(Stored data entries)

• • • • • • •

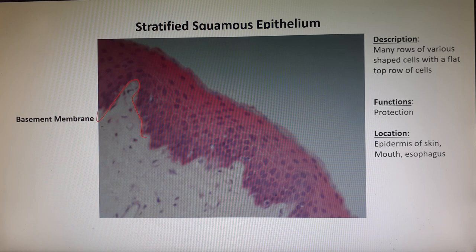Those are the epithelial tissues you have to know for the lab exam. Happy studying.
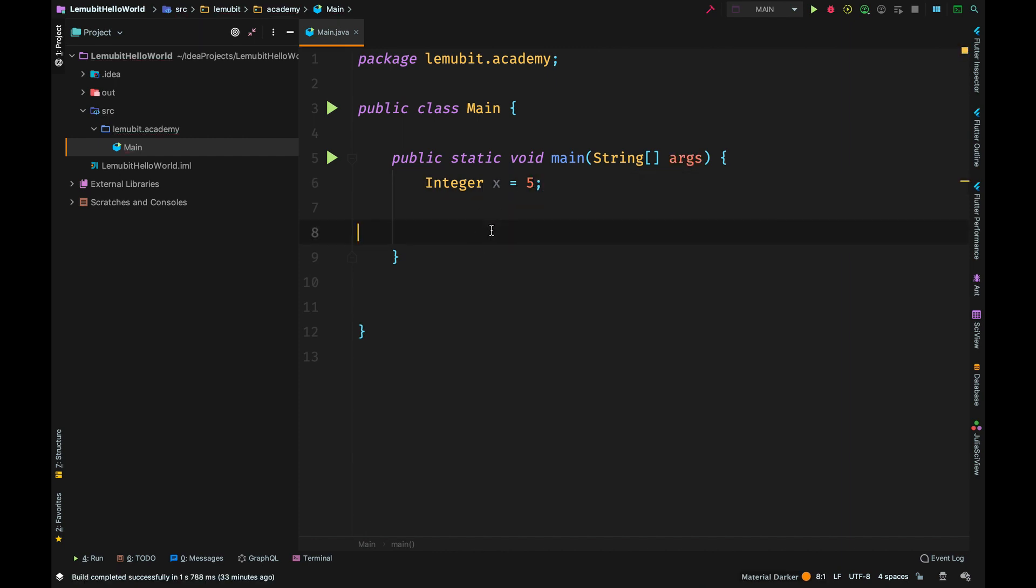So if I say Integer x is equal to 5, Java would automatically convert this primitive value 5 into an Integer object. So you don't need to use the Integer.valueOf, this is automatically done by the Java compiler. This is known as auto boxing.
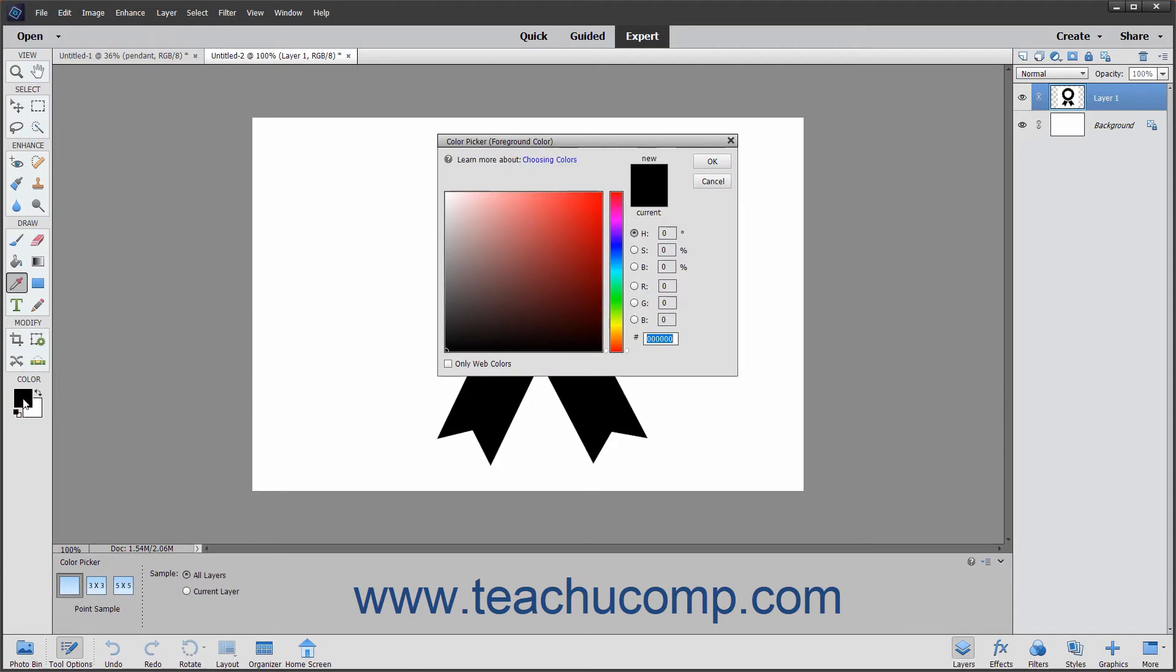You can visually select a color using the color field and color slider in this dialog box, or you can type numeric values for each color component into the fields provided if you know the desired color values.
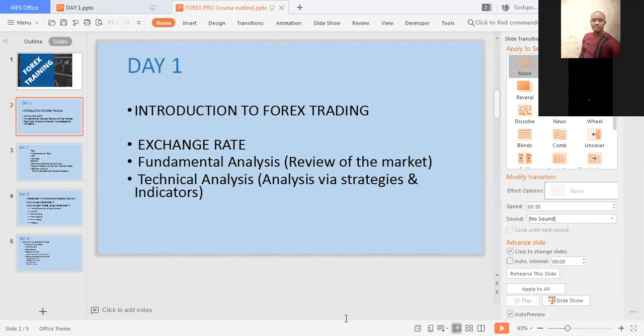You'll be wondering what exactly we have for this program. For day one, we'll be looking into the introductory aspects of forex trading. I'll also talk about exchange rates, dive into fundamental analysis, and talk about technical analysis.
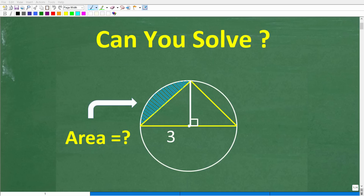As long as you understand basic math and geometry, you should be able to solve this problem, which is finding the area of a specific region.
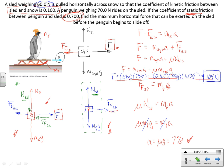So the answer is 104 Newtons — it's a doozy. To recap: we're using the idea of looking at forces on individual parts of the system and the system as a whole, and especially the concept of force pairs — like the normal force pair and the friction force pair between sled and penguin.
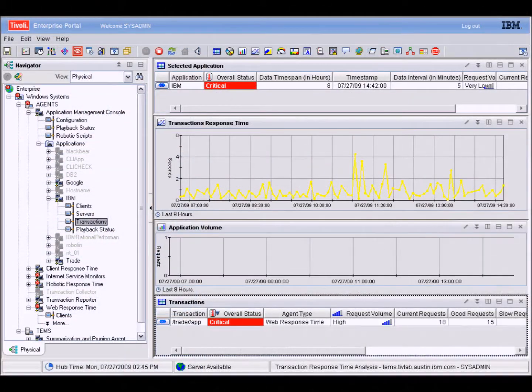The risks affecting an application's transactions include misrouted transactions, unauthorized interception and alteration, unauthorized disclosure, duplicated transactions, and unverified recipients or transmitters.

• • • • • • •

> _AIM OF THE TASK_:
Exactly the lines from the one holding "So if I say" through the last line of the entries, both included, are to be duplicated; leave the pictures out.

> _TASK ANSWER_:
So if I say Integer x is equal to 5, Java would automatically convert this primitive value 5 into an Integer object. So you don't need to use the Integer.valueOf, this is automatically done by the Java compiler. This is known as auto boxing.
You can visually select a color using the color field and color slider in this dialog box, or you can type numeric values for each color component into the fields provided if you know the desired color values.
You'll be wondering what exactly we have for this program. For day one, we'll be looking into the introductory aspects of forex trading. I'll also talk about exchange rates, dive into fundamental analysis, and talk about technical analysis.
As long as you understand basic math and geometry, you should be able to solve this problem, which is finding the area of a specific region.
So the answer is 104 Newtons — it's a doozy. To recap: we're using the idea of looking at forces on individual parts of the system and the system as a whole, and especially the concept of force pairs — like the normal force pair and the friction force pair between sled and penguin.
The risks affecting an application's transactions include misrouted transactions, unauthorized interception and alteration, unauthorized disclosure, duplicated transactions, and unverified recipients or transmitters.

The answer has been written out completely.